No entanto, se for analisada a situação do Brasil contemporâneo, onde prevalece um Estado hipertrofiado e uma polícia burocrática, ineficiente e violenta, não resta dúvida que os termos da equação se modificaram e que a sociedade não aceita mais um papel de coadjuvante. As mudanças devem priorizar os anseios do cidadão por paz, segurança e justiça. Não há mais espaço para a defesa de antigas ideologias, deslocadas da realidade brasileira do século XXI. Deve-se buscar a eficiência e a garantia aos direitos essenciais à vida, à liberdade e à segurança. Lembrando que, em 2013, pesquisa realizada pela Fundação Getúlio Vargas (FGV), para integrar a 7ª edição do Anuário Brasileiro de Segurança Pública do Fórum Brasileiro de Segurança Pública (FBSP), apurou que 70,1% da população não confia no trabalho das diversas polícias no País. Ou seja, não dá mais para esconder a sujeira debaixo do tapete.

 


Uma alternativa viável e modernizadora já está sendo debatida no Congresso e na sociedade. Trata-se da Proposta de Emenda à Constituição nº 51/2013, a qual representa uma oportunidade real de mudança de paradigma no sistema policial brasileiro. Essa proposta apresenta pontos que, a médio e longo prazo, poderão viabilizar a implantação no Brasil de uma estrutura policial segundo padrões internacionais de qualidade. Em síntese, a PEC 51 apresenta as seguintes características principais: Desmilitarização da Polícia Militar (o cidadão não pode ser visto como inimigo), carreira única (oportunidade para o crescimento profissional por mérito), ciclo completo do trabalho policial (atividades de polícia preventiva, ostensiva e investigativa integradas para aumento da eficiência), polícias estaduais sendo geridas pelos Estados (modelos adequados às diferentes regiões do País e mais flexíveis) e Ouvidoria Externa (com a participação de cidadãos não integrantes da carreira policial).

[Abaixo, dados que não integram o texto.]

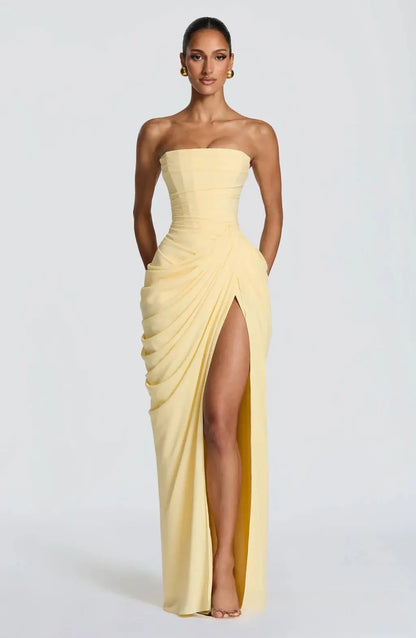 Elegant One Shoulder Evening Gown Drip Depot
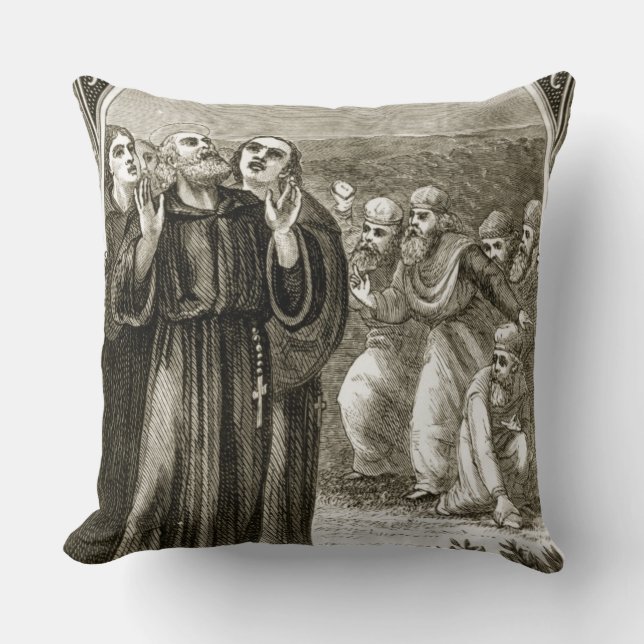 St. Columba, der und angegriffen durch die Druiden Kissen (Vorderseite)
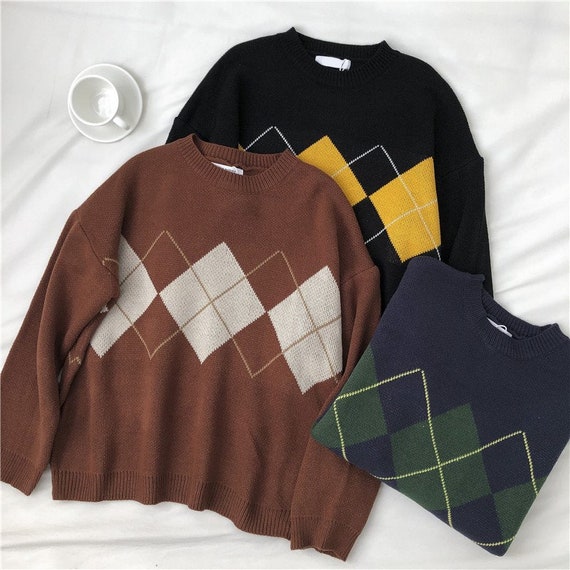 oversized argyle sweater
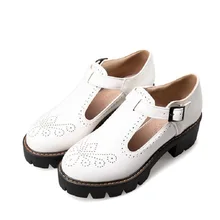 Zapatos Oxford de plataforma Vogue para mujer, zapatos Vintage para mujer, zapatos de tacón grueso de piel de charepers, zapatos de tacón redondo con punta Roma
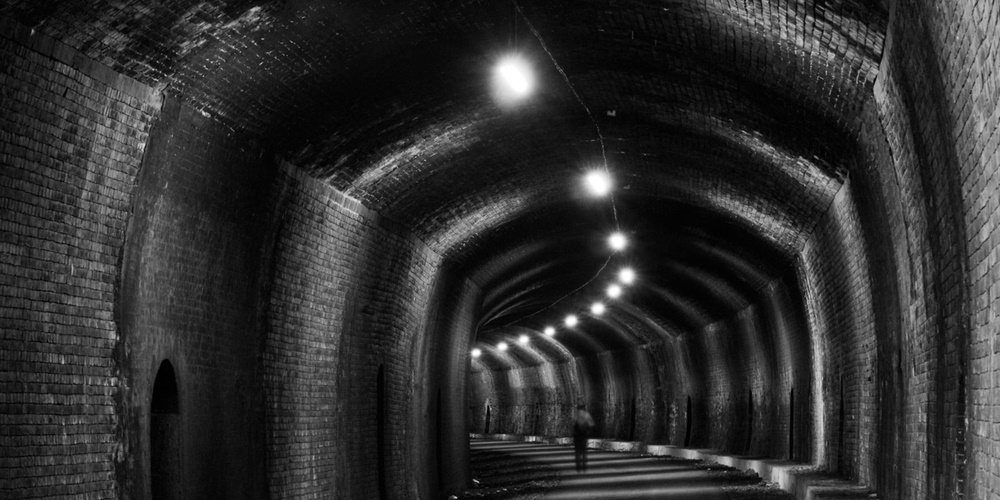 Walker in Monsal Tunnel 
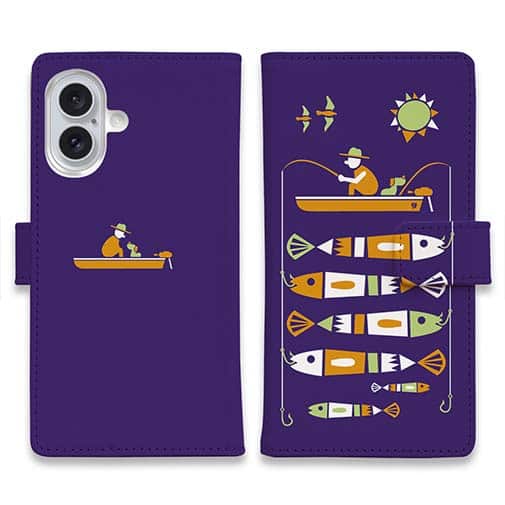 【手帳型】【釣りざんまい】愛犬と釣りを楽しむアングラー_カラフルパープル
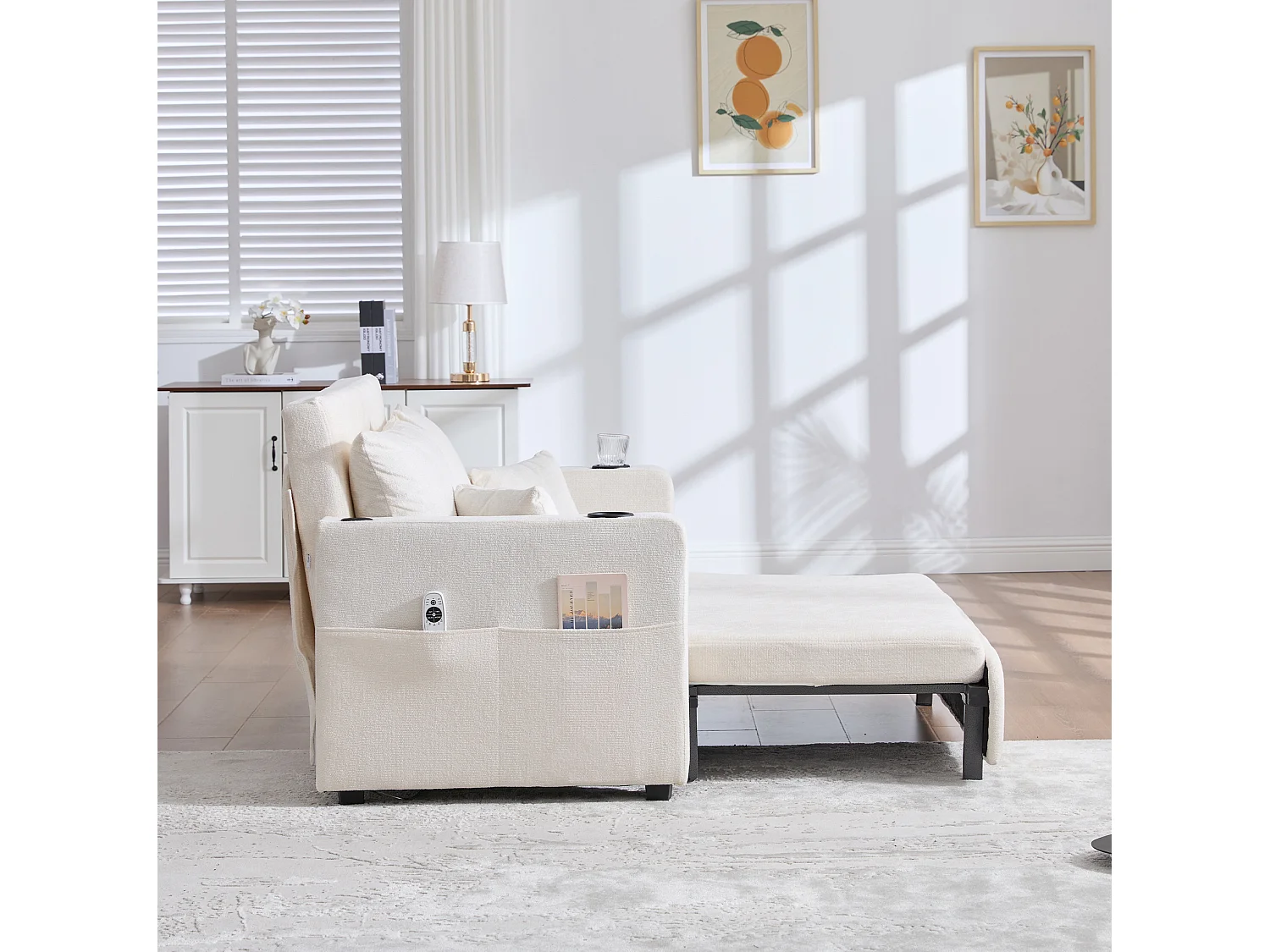 Sofá convertible de 2 plazas con bolsillos de almacenamiento, puerto USB y portavasos, se convierte en cama, tchenilla, beige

Os principais especialistas na matéria, juristas e pesquisadores das melhores instituições de ensino do País já se manifestaram a favor dessa proposta. Além deles, entidades como a Anistia Internacional, o Conselho de Direitos Humanos da ONU e o Departamento de Estados dos Estados Unidos se posicionaram em defesa de uma polícia desmilitarizada e cidadã. E, recentemente, a Associação Nacional dos Procuradores da República (ANPR) manifestou-se favoravelmente à PEC 51, por meio de nota técnica encaminhada ao Senado. Por outro lado, os opositores à modernização das forças policiais vêm agindo como John D. Rockefeller fez no final do século XIX. Inconformado com o projeto de iluminação elétrica de Thomas Edison, que tornava obsoleta a iluminação a querosene (produto de sua empresa Standard Oil Company), Rockefeller atacou o novo serviço usando propaganda que despertava medo na população. Mas essa estratégia não funcionou no passado, nem deve funcionar agora. Afinal, os avanços sociais e econômicos alcançados pelo País precisam ser refletidos na área da segurança pública. Para o bem do desenvolvimento do Brasil. Para o bem da cidadania e dos direitos humanos dos brasileiros.